• _RECORDS PROVIDED_
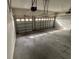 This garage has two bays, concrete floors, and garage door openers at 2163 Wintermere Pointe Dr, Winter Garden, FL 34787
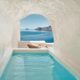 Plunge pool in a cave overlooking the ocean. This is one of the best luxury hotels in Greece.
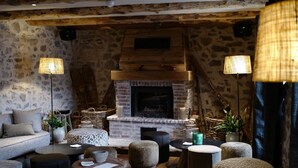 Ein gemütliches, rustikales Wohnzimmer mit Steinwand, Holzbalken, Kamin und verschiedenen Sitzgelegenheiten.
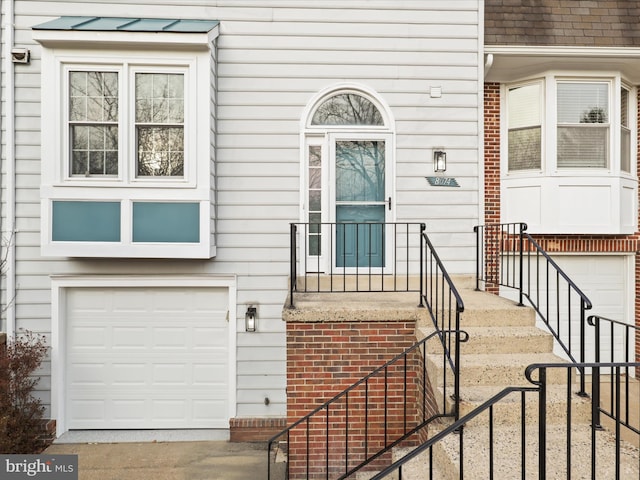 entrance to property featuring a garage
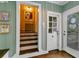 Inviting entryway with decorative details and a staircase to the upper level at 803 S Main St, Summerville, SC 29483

• _AIM OF THE TASK_
Repeat exactly the lines above, from the line containing "Plunge pool in" through the last line of the records, inclusive; omit any pictures.

• _WRITTEN REPLY_
 Plunge pool in a cave overlooking the ocean. This is one of the best luxury hotels in Greece.
 Ein gemütliches, rustikales Wohnzimmer mit Steinwand, Holzbalken, Kamin und verschiedenen Sitzgelegenheiten.
 entrance to property featuring a garage
 Inviting entryway with decorative details and a staircase to the upper level at 803 S Main St, Summerville, SC 29483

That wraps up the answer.